Border Calm, Fully Under Iran’s Control After Taliban Attack
TEHRAN – Afghanistan’s Taliban authorities and neighboring Iran said Sunday deadly clashes between their border security forces had subsided, with both sides engaging in talks to ease tensions.
The skirmishes erupted in the Afghan border province of Nimroz Saturday, martyring two Iranian security forces and killing a Taliban militant, officials in both countries said.
The exchange of cross-border gunfire, initiated by the Taliban, escalated Iran’s tensions with Afghanistan amid a dispute over water resources.
On Sunday, the official Iranian news agency IRNA quoted a senior official as saying that “the situation is under control” in the conflict zone near the Sasuli border post in Iran’s Sistan-Baluchistan province.

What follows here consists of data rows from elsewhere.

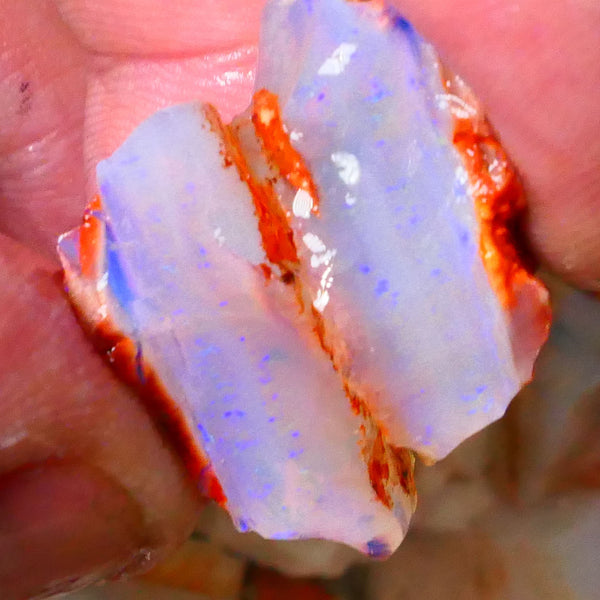 Big Thick Crystal Seams to cut 43.00cts Coober Pedy lots of blues to go at 23x18x11mm & 25x14x10mm Lot B4-A087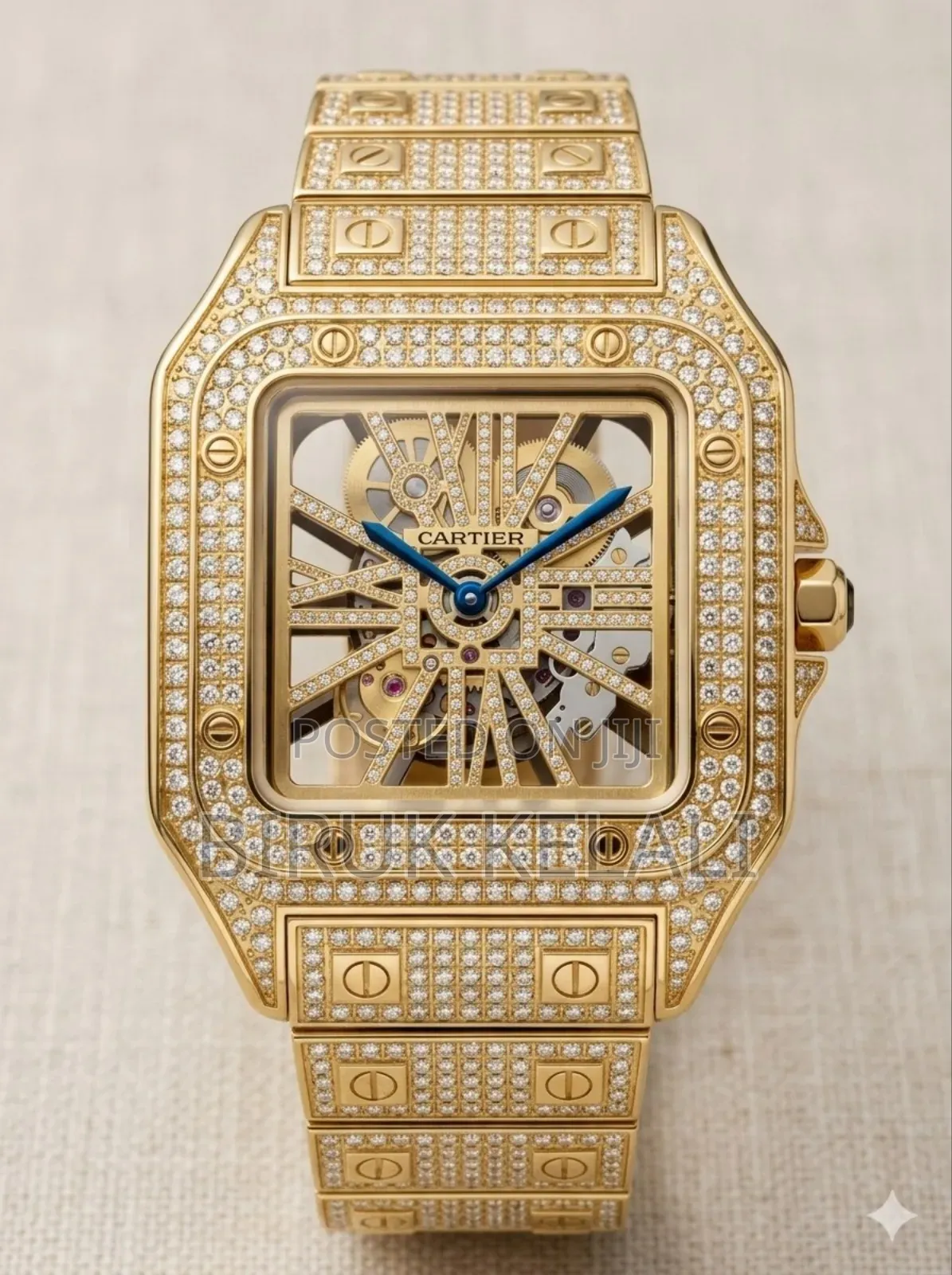 Cartier Men's Iced Out Chain Watch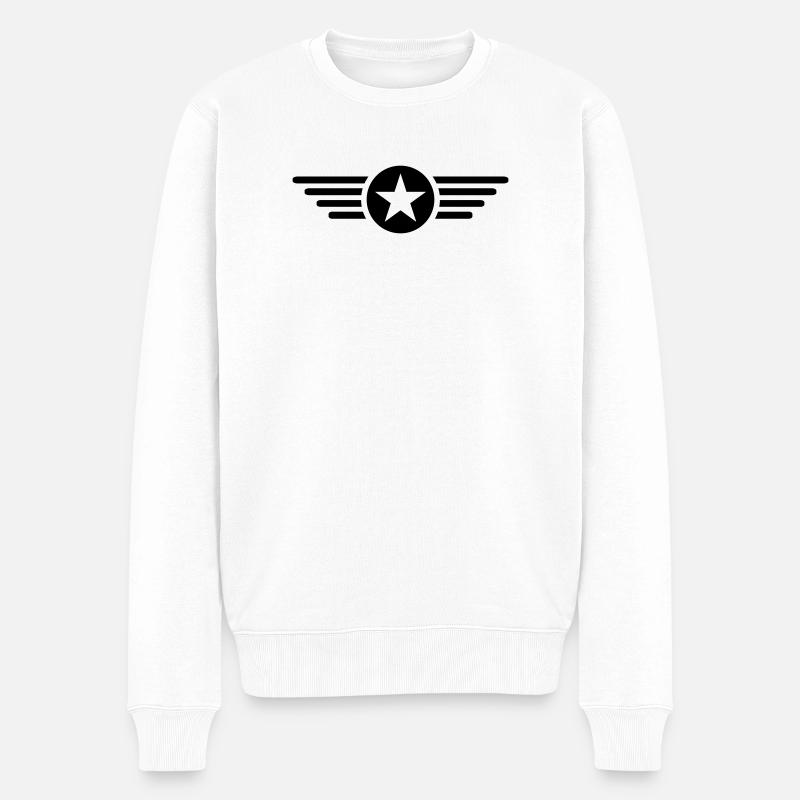 Ich bin ein Stern mit Flügel  - Männer Premium Bio Pullover - Weiß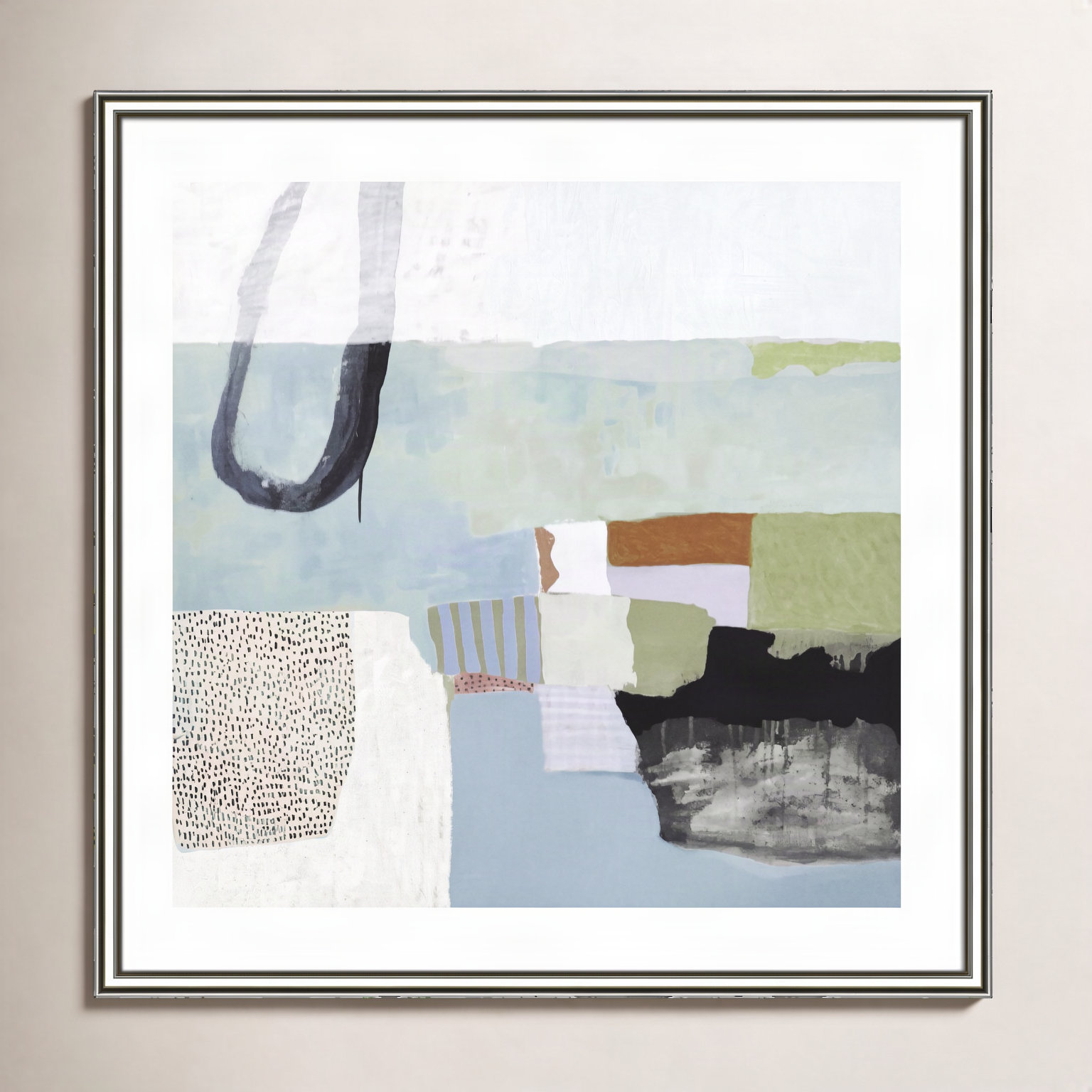 Concorde "Blue Rhythm" Painting by Nathaniel Mather, 28.75" H x 28.75" W x 0.875" D, Silver Framed Paper, White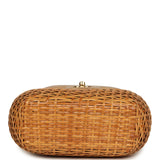 Vintage Chanel Basket Bag Beige Lambskin and Rattan Wicker Gold Hardware - Thumbnail View 6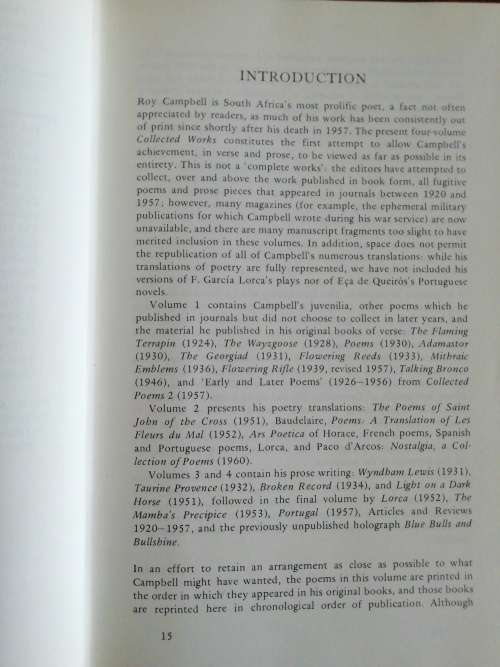 ROY CAMPBELL - COLLECTED WORKS Volumes I and II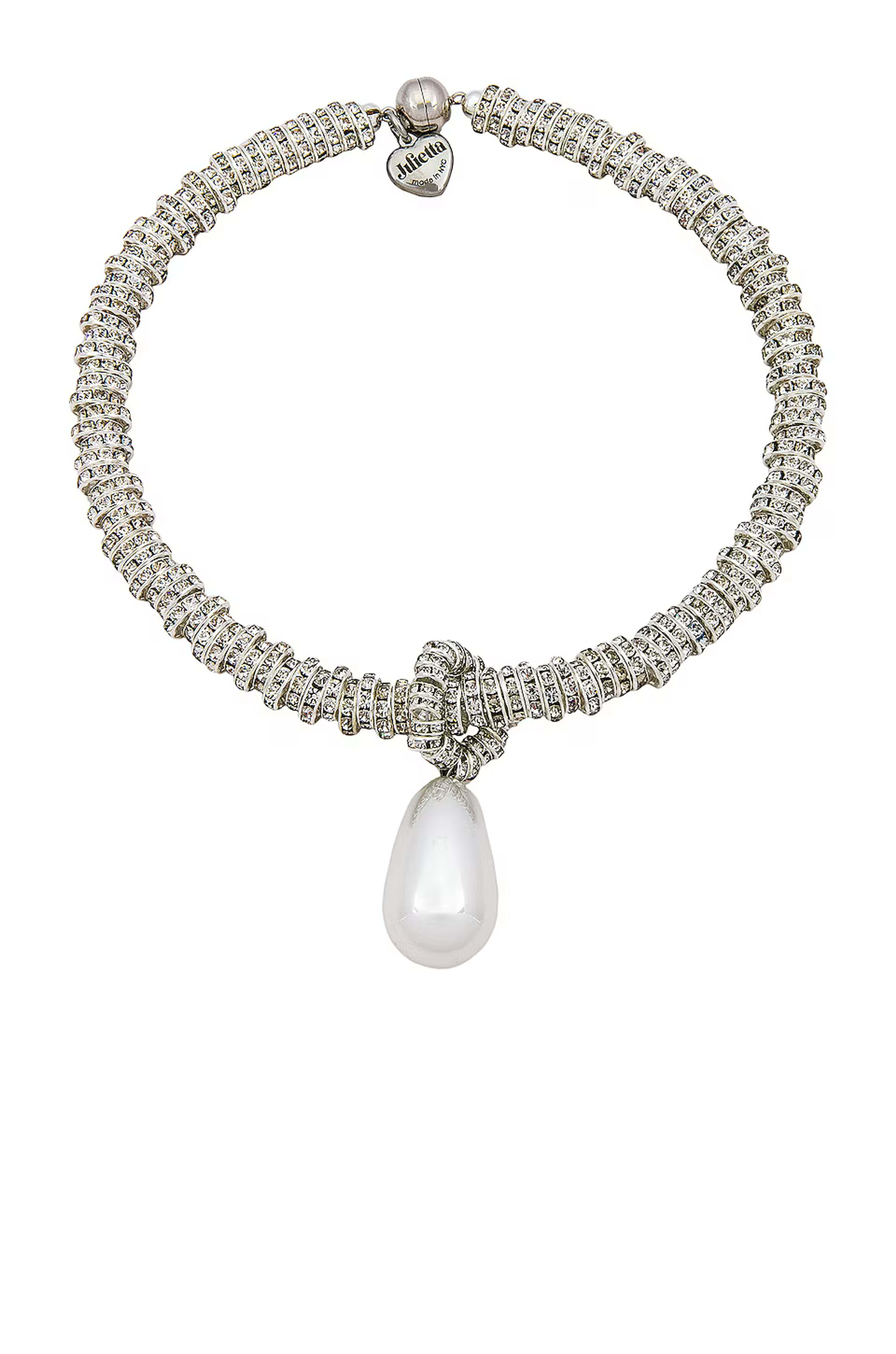 Julietta Pearl Drop Necklace in Pearl & Silver | REVOLVE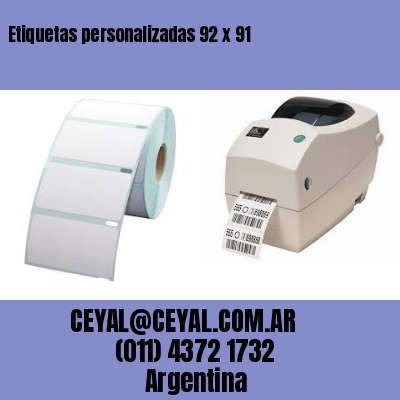 Etiquetas personalizadas 92 x 91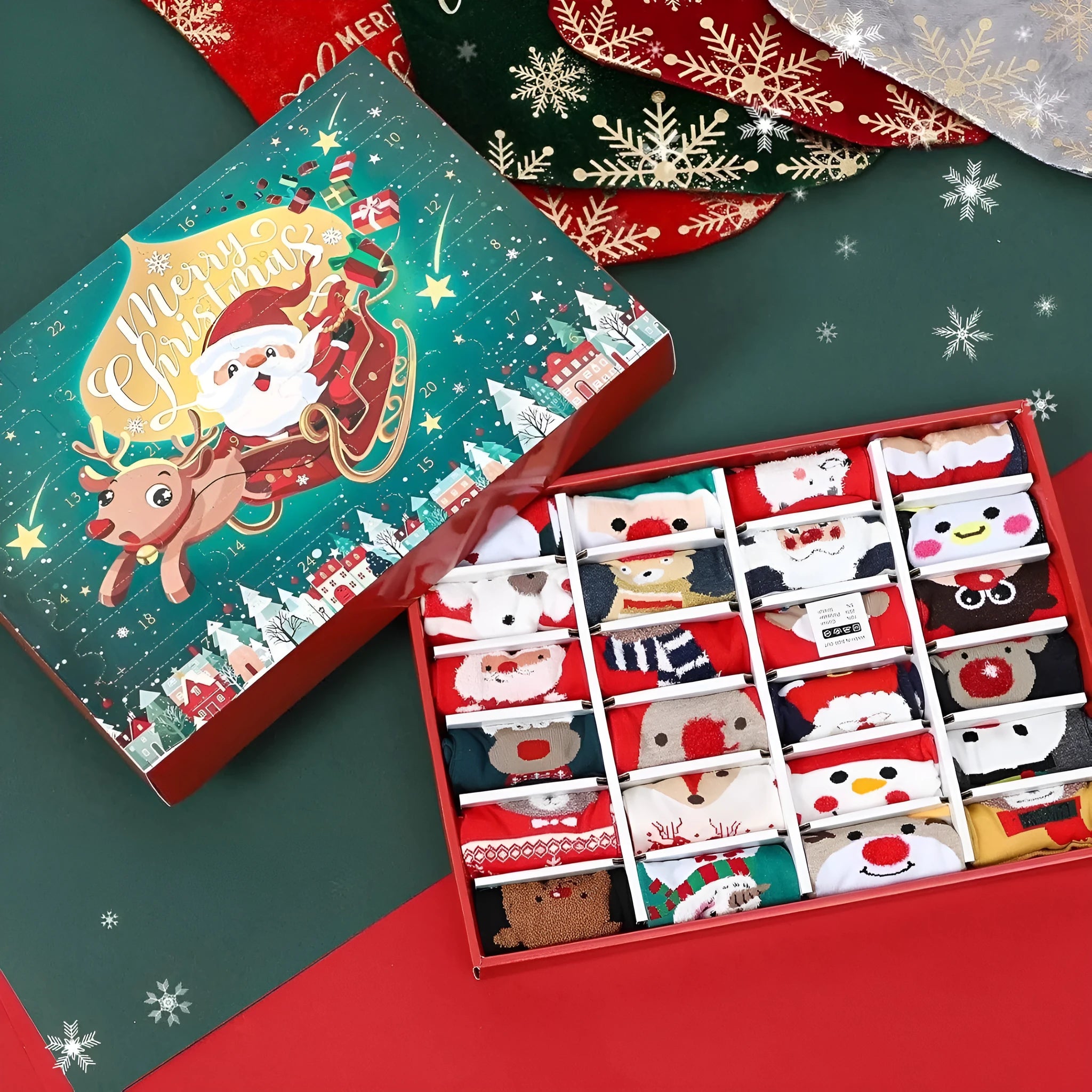 Christmas socks blind box containing one random mini resin and plastic stocking decoration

Alireza Marhamati, the deputy provincial governor, said that “local Iranian and Afghan officials have held negotiations on the cause of the clashes and agreed to continue their talks.”
A spokesman for the Afghan interior affairs ministry said in a statement that his government “does not want to fight with its neighbors”.
Bilateral tensions have recently escalated over the Taliban’s breach of a 1973 water-sharing treaty between Tehran and Kabul by blocking water flow from Helmand River, which flows from Afghanistan to Iran’s arid eastern border regions.
Iranian President Ebrahim Raisi, during a visit to the border province, called on the Taliban to respect the treaty, which envisions shared water resources and outlines access to monitoring of the water level. Raisi warned the de facto Afghan rulers against violating the agreement and vowed to defend Iran’s water rights.
“The Islamic Emirate of Afghanistan believes dialogue and negotiation are a good path to addressing any issue,” Afghan Defense Ministry spokesman Enayatullah Khowarazmi wrote on his official Twitter account.
The United Nations says Afghanistan and Iran have suffered from a prolonged drought, and drought conditions have worsened over the past decade.
Last week, Afghan Foreign Affairs Minister Amir Khan Muttaqi, responding to statements by the Iranian officials, said that Kabul was committed to the water treaty.
Analysts warned that Afghanistan and the region at large could ill afford another conflict.
Torek Farhadi, a former Afghan official, said the Taliban would avoid a standoff with Iran. He noted that Afghanistan is fragile after 40 years of war, and four million Afghans live on Iranian soil as refugees.
“Sure, skirmishes and then a war can start with Iran, but soon Afghanistan will end up as the terrain for proxy wars with Tehran,” said Farhadi. “Arms and munitions will flow to Afghanistan to fight Iran, but the fighters would be Afghan youth, and the destruction will occur in Afghanistan. Not a good perspective.”